In United Airlines v. Industrial Claim Appeals Office , 2013 COA 48, 12CA1443 (COCA) (March 28, 2013), the claimant suffered an admitted injury and the employer admitted for temporary disability benefits. Temporary disability benefits were ended when the claimant was released to return to work. At this point in time, the claimant had received approximately $100,000.00 in temporary disability benefits. Subsequently, the claimant was put at MMI and went to a DIME. The respondent admitted to a 5% whole person rating pursuant to the DIME. In its final admission, respondent asserted an overpayment of $25,000.00 to account for benefits paid in excess of the applicable $75,000.00 cap on combined temporary and permanent disability benefits. The claimant objected to the overpayment, and the ALJ ultimately agreed with the claimant that the statutory cap did not apply to create an overpayment because the claimant was entitled to all temporary disability payments at the time she received them. The ICAO and Court of Appeals both affirmed the ALJ.
Primarily, the court stated that an overpayment can exist only for “money received” by a claimant that exceeds “the amount that should have been paid.” C.R.S. 8-40-201(15.5). Because the Act mandated that respondent continue paying temporary disability benefits until the claimant was released to return to work, all payments up to that date represented “the amount that should have been paid.” Accordingly, even if a claimant is ultimately not entitled to money paid by the respondent, the claimant will be permitted to keep that money so long as payment was legally required when made. Furthermore, the court reasoned that because the statutory cap is for “combined” temporary and permanent disability benefits, the cap cannot apply prior to permanent disability becoming ripe. In this case, all temporary disability payments were owing to the claimant when they were made, and all payments were made prior to permanent disability becoming ripe.

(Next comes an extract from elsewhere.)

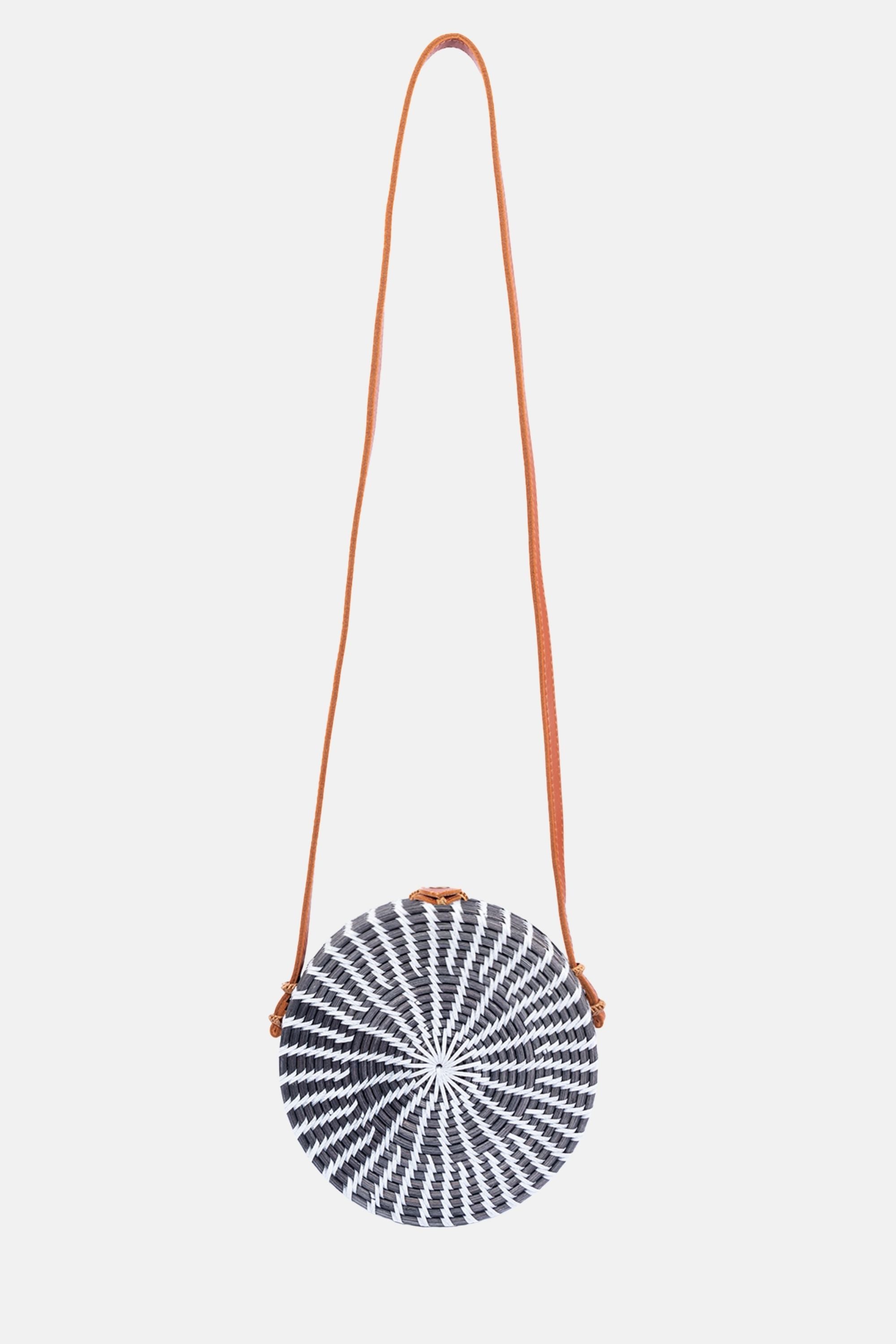 Jelavu Ata Bali Black/White Small Crossbody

The court also rejected the respondent’s public policy argument that permitting claimants to keep temporary disability benefits in excess of the statutory cap encourages malingering. The court noted that an employer’s right to select the treating physician in the first instance leaves little opportunity for a claimant to malinger. Furthermore, the court determined that any risk of malingering is outweighed by the risk of claimants seeking to return to work prematurely in order to avoid being stuck with an overpayment. The court also rejected respondent’s constitutional challenges.